Beer Crawl

Many websites like Kaggle and the UC Irvine Machine Learning Repository offer a vast selection of clean data sets on which experienced and aspiring data scientists alike can experiment. However the web is full of interesting data that has not been organized in neat tables ready for extraction. For instance one can think of plane ticket prices, real estate listings, stock prices, product reviews, social media feeds, etc. The list goes on!

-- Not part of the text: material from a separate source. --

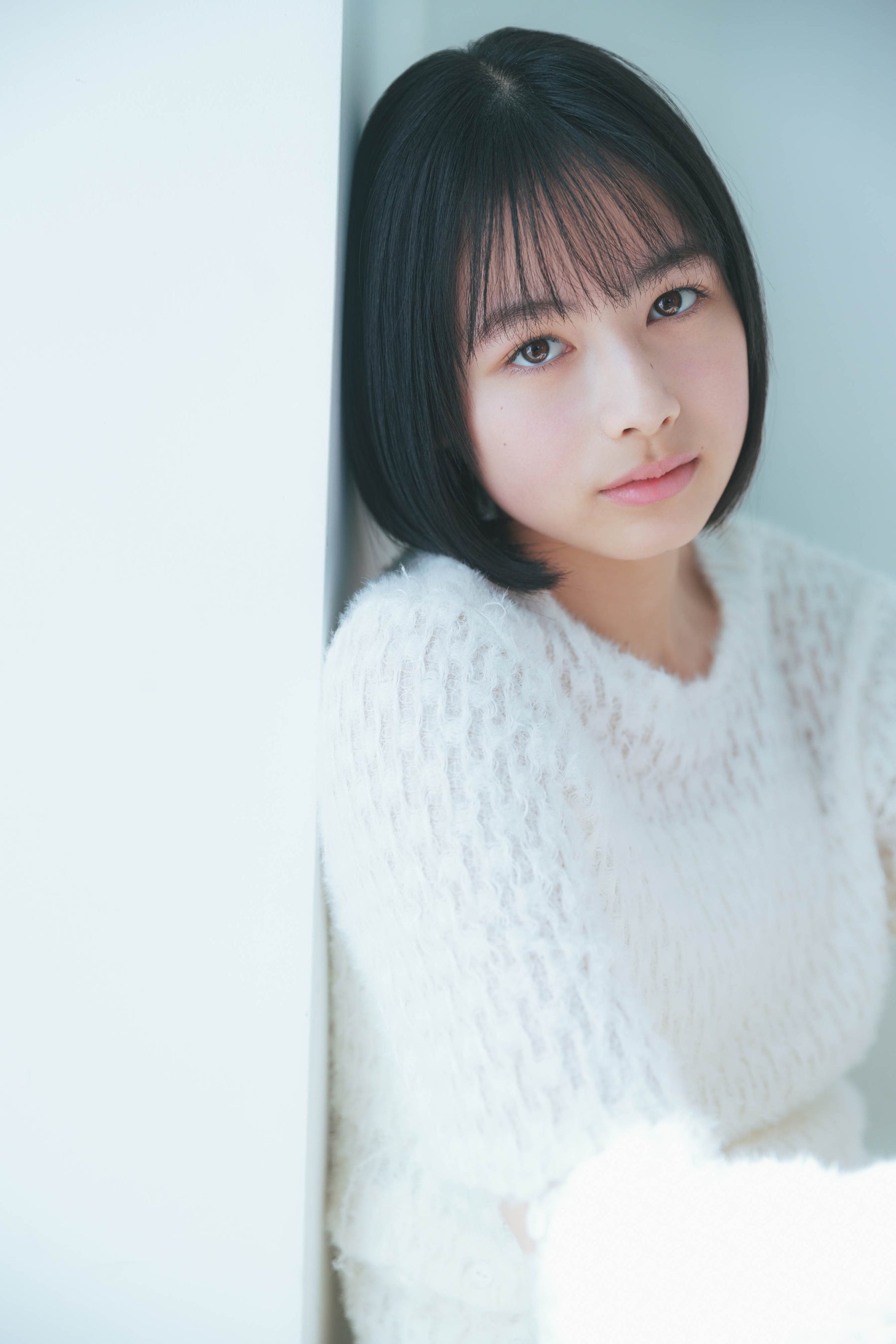 櫻坂46・藤吉夏鈴と白銀の世界へ。「B.L.T.4月号」の表紙絵柄を公開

In such cases web scraping becomes a very handy skill to have as a data scientist. I've always thought that the idea of creating a script to crawl webpages in order to extract information sounded fun, but I didn't know how to approach this problem until I came across this book, which pedagogically outlines how to use the Python library BeautifulSoup to pull data out of HTML and XML files. I won't get into the specifics of my implementation in here, but there are many free tutorials available online that can help you get started.

In order to start scraping, I first had to find an interesting website with which to get my hands dirty. I eventually stumbled upon Beer Me BC, a website dedicated to reviewing craft beers in British Columbia. Bingo! Not only were most review pages structured the same way, the quantity of information I could extract could potentially lead to a nice analysis of what makes a great craft beer in BC. Challenge accepted!

The Golden Rules of Web Scraping

There are a few things to be aware of before scraping a website:

  1. Be polite. A computer can send thousands of web requests per second, which has the potential to harm a website by overloading its servers. It is easy to implement a time delay before each request so that a website's performance doesn't degrade for other users.

  2. Respect a website's terms and conditions about scraping, which are usually found in the website's robots.txt file (typically located at www.website.com/robots.txt). For instance some websites may ask that scraping be done at night only in order to keep daytime traffic at reasonable levels.

  3. Scrapers break. There is no guarantee that the layout your web scraper is based upon will stay the same, so keep things as general as possible and be prepared to rewrite your code if changes occur.

  4. There's no avoiding inconsistencies. Most webpages are well-structured, but do not expect every page to be exactly the same. Manual clean-up will very likely be required after acquiring the data.

Beer Crawl

With these rules in mind I wrote two scraping functions. The first one, getBeerLinks, is a crawler that extracts individual beer review URLs from a list.

import requests
from bs4 import BeautifulSoup

def getBeerLinks(pageUrl):
    """ Links to beer descriptions are contained in a list of pages """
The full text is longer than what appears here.